Huh, What I've seen (and this may be regional) is that when businesses are solicited for ads, they'll include business info. But when parents place ads? It's all about the kid. To me, adding stepDad's business info seems to take away from the child and her accomplishment. But if that's how it's done elsewhere, then that's how it is.


----------



## MamaInTheDesert (Jan 30, 2012)

The newsletter we got from her dance studio states "Don't miss your opportunity to congratulate your dancer and/or highlight your business by placing an ad in the recital program. With two nights of a sold-out crowd, you can't miss!"

They're selling 1/8th page ads, 1/4 page ads, 1/2 page ads, and Full page ads. There's a little bit of a price break when you buy the larger sizes, so rather than buying two 1/4 page ads, we just bought a 1/2 page ad. Since we get to design the ad ourselves we thought we'd put DD's congratulatory note on half, and DH's business ad on the other half. We asked if this would be allowed, and were told that we could put anything we wanted, as long as it wasn't crude. (haha!) Again, this gives DD a 1/4 of a page to herself, and 1/4 of a page to DH's business.
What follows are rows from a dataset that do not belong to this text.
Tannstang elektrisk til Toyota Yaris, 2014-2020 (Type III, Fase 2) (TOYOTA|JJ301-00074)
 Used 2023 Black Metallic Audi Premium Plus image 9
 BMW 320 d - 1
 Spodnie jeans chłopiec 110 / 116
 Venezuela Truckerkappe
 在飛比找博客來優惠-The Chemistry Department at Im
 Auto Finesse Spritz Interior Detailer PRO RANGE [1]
When talking with the director, she stated that they used to just allow businesses to advertize in the programs, but parents kept hounding her to let them put pictures of their kids and congratulations messages. When she saw that they would pay the same price to write a note to their kid as they would to advertize their business she decided not to pass it up.


----------



## mamazee (Jan 5, 2003)

Quote:


> Originally Posted by *mtiger*
> 
> Quote:
> 
> ...


I've seen them usually just as the OP described, with a congratulation to the specific child, and then an ad for the parent's (or grandparent's) business.


----------



## mtiger (Sep 10, 2006)

Must be a regional thing!


----------



## BroodyWoodsgal (Jan 30, 2008)

MID - that sounds perfect and that's the way that things are done around here, too. <3


----------